From there I can set the Bucket name and upload the JSON secret I had downloaded earlier
Next we need to populate it with some content. The Collector will pull in logs, much like the S3 bucket did. There are a few quickstarts such as the python 3 hello world or the NodeJS one.
Once created, we will want to create a “Sink” to send AppEngine logs to our bucket. We can “create sink” under the Operations/Logging area.
Give it a name and choose type “Cloud Storage Bucket”
Select the bucket we just created
For the inclusion filter, we use resource.type="gae_app"

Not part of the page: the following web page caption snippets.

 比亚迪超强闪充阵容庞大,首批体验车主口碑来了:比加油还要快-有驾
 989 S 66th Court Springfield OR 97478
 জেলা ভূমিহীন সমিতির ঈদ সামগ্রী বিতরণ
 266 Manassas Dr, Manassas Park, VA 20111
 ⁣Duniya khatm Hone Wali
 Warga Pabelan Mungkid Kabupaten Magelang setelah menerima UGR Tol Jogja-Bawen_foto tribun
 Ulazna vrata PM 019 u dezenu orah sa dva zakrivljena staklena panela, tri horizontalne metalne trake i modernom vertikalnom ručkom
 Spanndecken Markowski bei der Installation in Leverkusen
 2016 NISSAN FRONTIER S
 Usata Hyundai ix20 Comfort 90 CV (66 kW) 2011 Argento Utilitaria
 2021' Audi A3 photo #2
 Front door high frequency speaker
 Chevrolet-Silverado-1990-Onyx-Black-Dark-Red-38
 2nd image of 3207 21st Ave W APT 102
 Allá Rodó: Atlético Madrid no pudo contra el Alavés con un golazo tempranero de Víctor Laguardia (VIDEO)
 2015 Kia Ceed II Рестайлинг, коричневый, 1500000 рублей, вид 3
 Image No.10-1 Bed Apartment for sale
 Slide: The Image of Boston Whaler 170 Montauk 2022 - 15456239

Lastly, we can preview the query in Logs Explorer to verify we have data
Poking around our endpoint (i hit a few 404s like /asdf and /mmmm) we see we did generate some load:
And in time, we see those logs show up in our cloud storage bucket:
We can force a sync of data by going to the collector and clicking “Run” under actions
From there we can choose to sync all
and see events were ingested
History
CEO Clint Sharp detailed their history in a blog post. He had been at Cricket which used Splunk in 2009 and in 2012 actually joined Splunk to work on a new internal project called Hunk (the following year ATT would buy Cricket). Clint met Ledion Bitincka working on that project realized the large problem was that customers often had no handle on their logs being ingested by Splunk. The other co-founder of Cribl, Dritan Bitincka was in professional services. They realized that no one else was solving log reduction and routing; all the other APM and Logging solutions focused on ingesting “all data” and trying to make cheaper storage options. Seeing a real opportunity, they founded Cribl to solve that need in 2017.
source: medium
Depending on your source, they have between 140 and 220 employees (219 in Jan 2022), are privately held while in Series C funding. It was in 2020 with their Series B round they partnered with Sequoia Capital who brought in Sonya Huang and Pat Grady. Today the leadership stays with the founders; Clint as CEO, Dritan as Head of Product and Ledion as CTO.
Summary
I find Cribl to definitely offer a unique value proposition. Coralogix would argue they do similar, however they generally just provide instructions on tweaking Fluentd to reduce log ingestion - they don’t provide multiple routes. Arguably there are Open-Source solutions as well. A few companies I’ve engaged with have used Kakfa as an intermediary to route various logs in places. But this is complicated (at least to do securely) and requires a team to manage.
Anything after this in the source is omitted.